Having already cast my vote I can look at tomorrow’s elections with calm, indeed Olympian, disinterest. As I saw it, as I settled down to vote (and to make a hash of my first try at electronic voting, to the delight of my wife, who waltzed through it), unless ACT politics returned to a two-party battle there was little likelihood of the Liberals’ forming a government. It appears to me that the Greens are here to stay for at least another four years, and that means that Labor can continue to govern with their support. That would have remained true had the Greens lost one or even two members, providing Labor’s numbers remained the same. The only difference then would have been the appearance of a Labor coalition government with the Greens, since Labor had already indicated that Meredith Hunter would be invited to join the Ministry.

Zed Seselja is right to say that there are a lot of ‘undecideds’ out there, and they may all decide that they don’t want fifteen and a half years of Labor government, so I make no predictions about the number of seats or the shares of the vote — both are foolish given the Hare-Clark system under which the ACT elections operate. It is easy to say, however, that we will see another Assembly remarkably like the present one, with most of the familiar faces back again.

A great deal will depend for the new government on the national and local economies. Canberra needs growth for any government to be able to deliver services and provide employment, and the outlook is not  rosy. The Federal Government is reining back expenditure to avoid looking silly when the mid-year budget review occurs soon, though the fancied Swan surplus has long since disappeared.
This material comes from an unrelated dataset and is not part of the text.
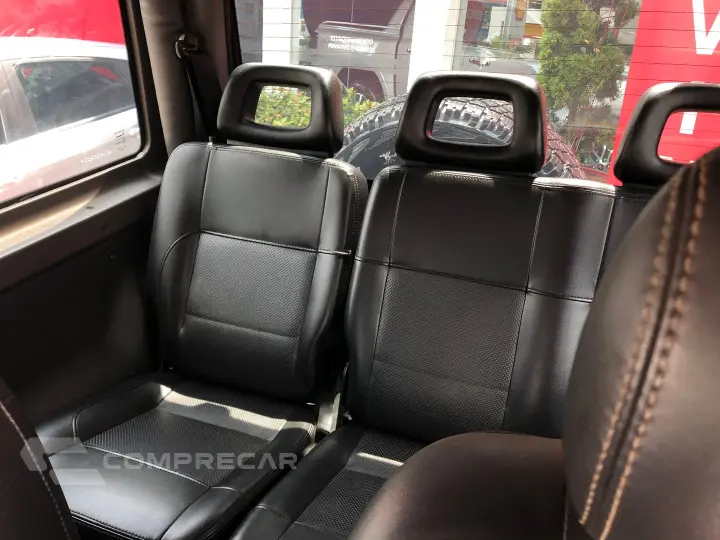 T4 3.0 Teto Rígido 16V Turbo Eletronic Diesel 2P Manual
We the people are still not heeding the cries for us to go out and spend, while each week another long-lived Australian company dies and staff lose their jobs — Allan’s music has now followed Darrell Lea, a company whose shares an old friend of mine once bought because there were always customers in the shop.

And this election has generated a good deal of expectation: a new hospital, the beginnings of light rail, much more in health and education, and bits and pieces here, there and everywhere. Is there a significant group that has not been promised something? By and large, too, the major parties have matched each other. The Greens won’t be forming a government, so their whole pitch has been to make us take them seriously as the party of the future — and they haven’t done a bad job. But the first job of the new treasurer will have to be to damp down those expectations.

I think a comment or two about the Liberals is in order. It is hard going when you are an Opposition that looks to be in a somewhat permanent state: the Government has all the policies, all the ideas, and the public service feeding it all the data it needs. It is easy for any Opposition then to lose heart, and to become internally quarrelsome and factional. What tends to happen then is a languid  succession of leaders, each enjoying a brief honeymoon, and then enduring a longer period of disillusion leading to divorce. That makes the government even stronger and more confident, and further weakens the resolve of its opponents.

It was like that during the long reign of the Coalition from 1949 to 1972, and for the ALP in New South Wales from 1941 to 1965. I do not think that parliamentary government is plainly the best of all possible ways to run a country, or to run a part of it, but it is the systemt I know, and it works best when there is a strong and confident Opposition facing a determined Government.

If Katy Gallagher and her team get back, which is expected, then I would want to say that Zed Seselja and his team did a pretty good job of providing an alternative, and I hope that they maintain their unity and their sense of purpose in the new assembly. Their day will come.